Australians have a newfound trust in the government and the media as they digest information about the Covid-19 pandemic.
They believe that they have been given information and as a result have made major changes in personal behavior over the past two weeks.
These and other findings from the Essential Research survey was released Tuesday is an encouraging indication. Australians absorb the advice and act on it.
The survey found 78% of voters had increased hand washing, 82% added limits to social involvement and spending, while kisses, handshakes and hugs had been abandoned by 78%.
Men are less likely than women to increase these basic precautions. Only 73% of men increased the size of cleanliness compared to 83% of women. About 75% of men stop hugging and shaking hands, compared to 82% of women.
The proportion of voters who trusted the government to give honest and objective advice rose from 56% on March 22 to 63% last Monday.
Trust in the media to provide honest and objective information about Covid-19 jumped from 35% to 51% over the same two-week period.
Younger voters aged 18-34 – who are most vulnerable to the corona virus – are more likely to be critical of responses to others. Essential research found 28% believed that the response was an overreaction.
Only 11% of the voters most at risk of infection, those aged 55 years and over, think there has been an overreaction; 47% in this cohort considered the response to be correct, and 42% thought the threat was underestimated.
The threat of the virus remains strong with 41% of all voters afraid they are very likely or somewhat likely to be victims.

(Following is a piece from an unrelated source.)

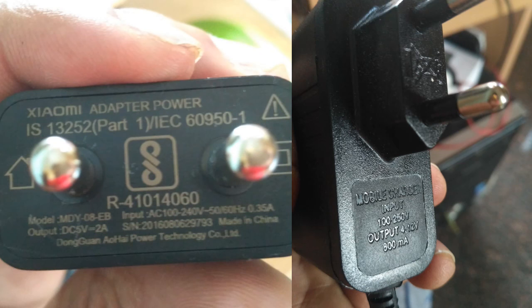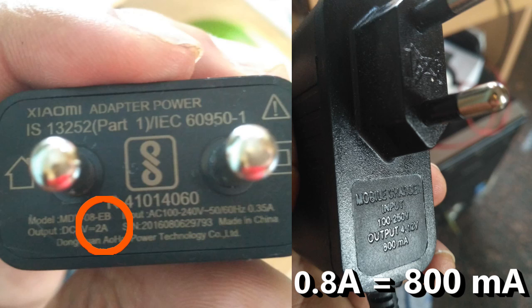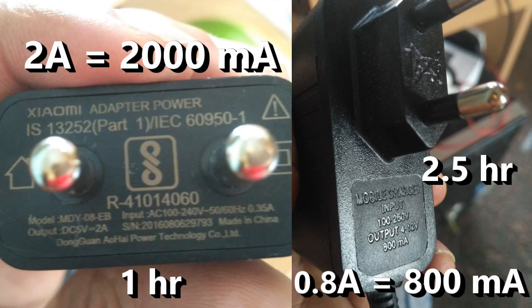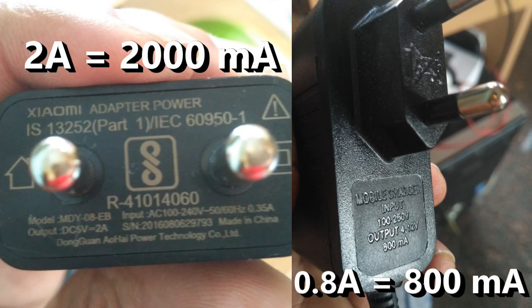If you are using the original charger, you will have proper power output. A duplicated charger will cause slow charging. The main reason here is the USB cable.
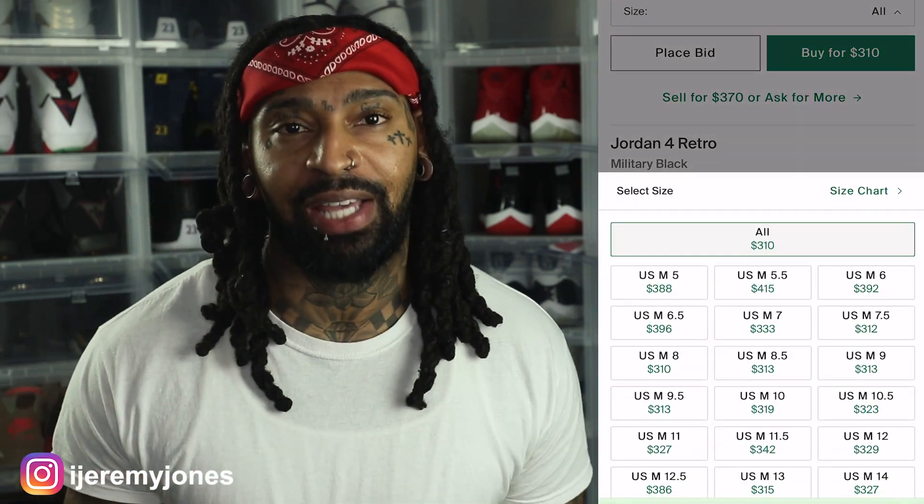First things first, these are set to release May 21st to the best of my knowledge, coming in at a retail price of $210. The resale price looks like they're averaging $320 and up depending on the size.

Surprisingly, the most fatalistic age group is 18-34, of which 49% say they are very or somewhat likely to catch Covid-19. That compared with those aged 55 years and over, who were medically most likely to be hit, of whom 34% said they were likely to be victims.
About 70% of voters believe that they have been given information about the situation and its impact on families, according to Essential Research. This compared to 63% just a week before.
And as a sign of trust, around 52% of voters believe their finances will not be affected by the effects of coronavirus, or that their savings will get them through it.
But the dominant view, from 51%, is that the economy will be in trouble for six to 12 months, and grow slowly after that.
Households with dependent children are more worried about their financial future, with 36% worried they will struggle with short-term income loss, and a further 19% expect to suffer serious financial pressures.